Gegen Nächstenliebe, die andere ausschließt – Im Interesse der Freiheit eigene Grenzen
überschreiten
Wien (epdÖ) – „Bei allen politischen und gesellschaftlichen Auseinandersetzungen, bei allen religiösen
Unterschieden, bei aller Vielfalt, in der wir leben, ist es wichtig, das Verbindende in den Vordergrund zu stellen
und zu sagen: Die Humanität ist es, die uns gemeinsam verpflichtet, und für die Humanität gerade
dort einzutreten, wo sie bedroht ist – das ist unser gemeinsamer Auftrag.“ Zum Gedenken an den so genannten Anschluss
Österreichs an das nationalsozialistische Deutschland vor 80 Jahren erinnert der evangelisch-lutherische Bischof
Michael Bünker an den Wert der Demokratie in einer pluralen Gesellschaft. Die Geschichte zeige, dass es in
einer Demokratie notwendig sei, „im Interesse der Freiheit auch die eigenen weltanschaulichen Lager und Grenzen
ein Stück weit zu überschreiten und Verbindungen einzugehen“. Nur wenn in Österreich Brücken
zwischen den ideologischen Polen bestanden hätten, wäre der „Aggressivität des Nationalsozialismus
etwas entgegenzusetzen gewesen“.
Erinnerung an die vielen, die unsichtbar blieben
Bünker erinnert auch an die vielen, die sich in jenen Märztagen des Jahres 1938 nicht gezeigt hätten,
obwohl sie nicht mit der nationalsozialistischen Machtübernahme einverstanden waren. „Die Hunderttausende,
die Adolf Hitler zugejubelt haben, waren die eine, sichtbare Seite. Unsichtbar geblieben sind all jene, die sich
schon auf der Flucht befunden haben, zur Flucht entschlossen waren, die womöglich in den Freitod gegangen
sind wie Egon Friedell und andere; und die, die einfach abwartend zugeschaut haben, vielleicht auch in innerer
Abwehr, aber es nicht mehr nach außen zeigen konnten.“ Die Erinnerung an die Ereignisse von damals sei wichtig,
um zu sehen, mit „wie wenig Entschlossenheit und Selbstgewissheit im damaligen Österreich“ die politischen
Kräfte, aber auch die Kirchen auf den Nationalsozialismus reagiert hätten.

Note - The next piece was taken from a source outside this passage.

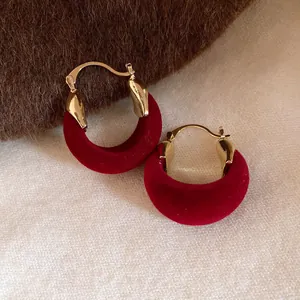 Dettaglio ravvicinato di eleganti orecchini a cerchio in velluto rosso e finiture in oro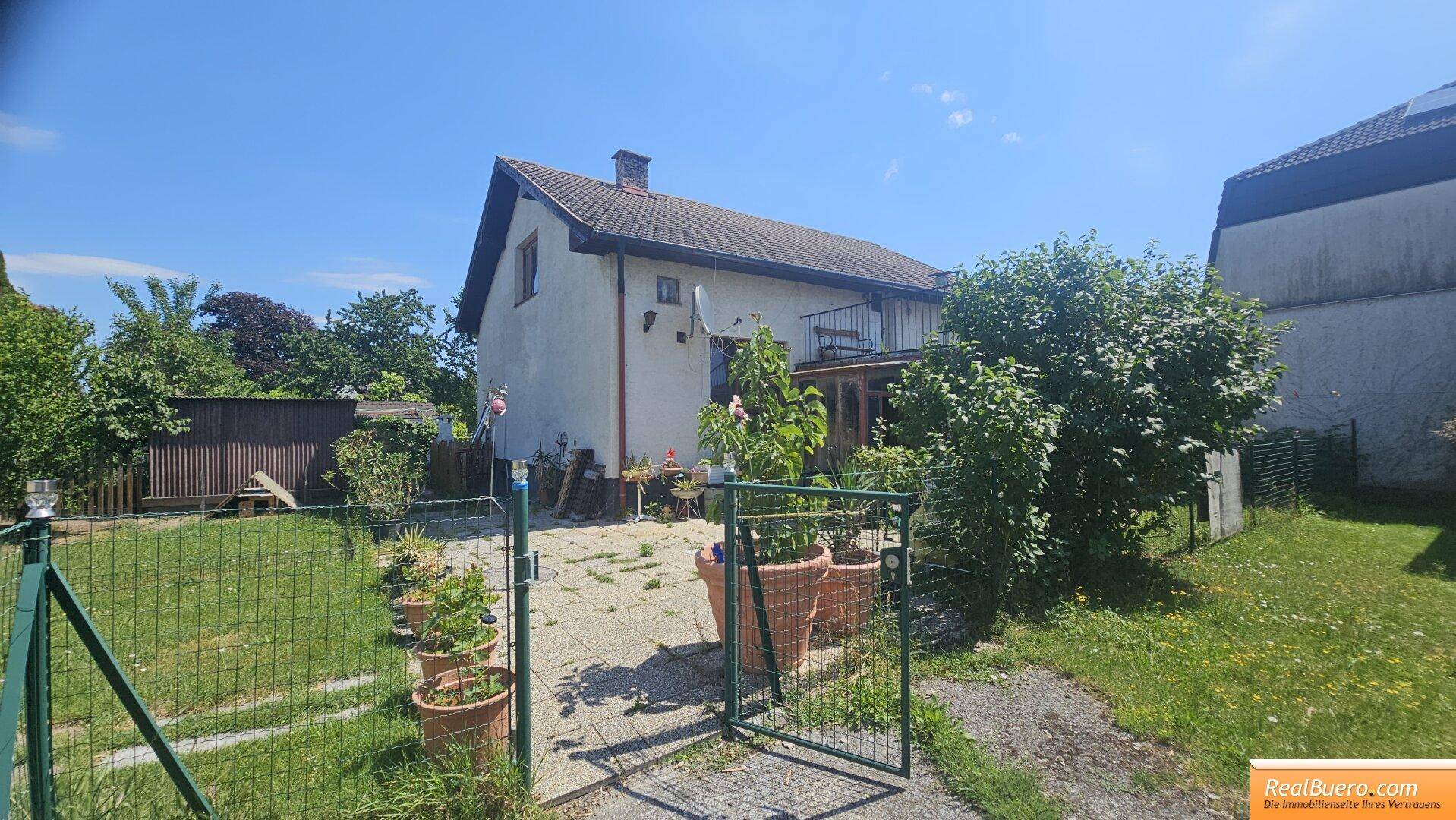 Rückansicht des Hauses mit gepflastertem Bereich, Topfpflanzen und einem kleinen Balkon über dem Garten.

Jeder Mensch mit unantastbarer Würde gesegnet
„Wir sehen es am Beispiel der Evangelischen Kirche“, so Bünker, „dass sich in den damaligen Jahren eine gefährliche
Irrlehre breitgemacht hat. Sie war besonders durch Antisemitismus gekennzeichnet.“ Gegen ein Verständnis von
Nächstenliebe, die nur das eigene Volk mit einbeziehe und „die anderen“ ausschließe, gelte es auch heute
aufzutreten „im persönlichen Umgang, in der Familie, unter den Kollegen am Arbeitsplatz, in der Straßenbahn,
wo immer es notwendig ist“. Christliche Haltung müsse davon ausgehen, dass jeder Mensch von Gott mit unantastbarer
Würde gesegnet sei, „die völlig unbestritten und ohne jeden Zweifel bewahrt bleiben muss“.
In der Nacht vom 11. auf den 12. März 1938 waren nationalsozialistische Truppen in Österreich einmarschiert
und wurden großteils begeistert empfangen. Am 13. März trat das Gesetz über den „Anschluss“ in
Kraft. Bei einer Volksabstimmung am 10. April stimmten nach amtlichen Angaben 99,73 Prozent der ÖsterreicherInnen
für die Eingliederung Österreichs in das Deutsche Reich.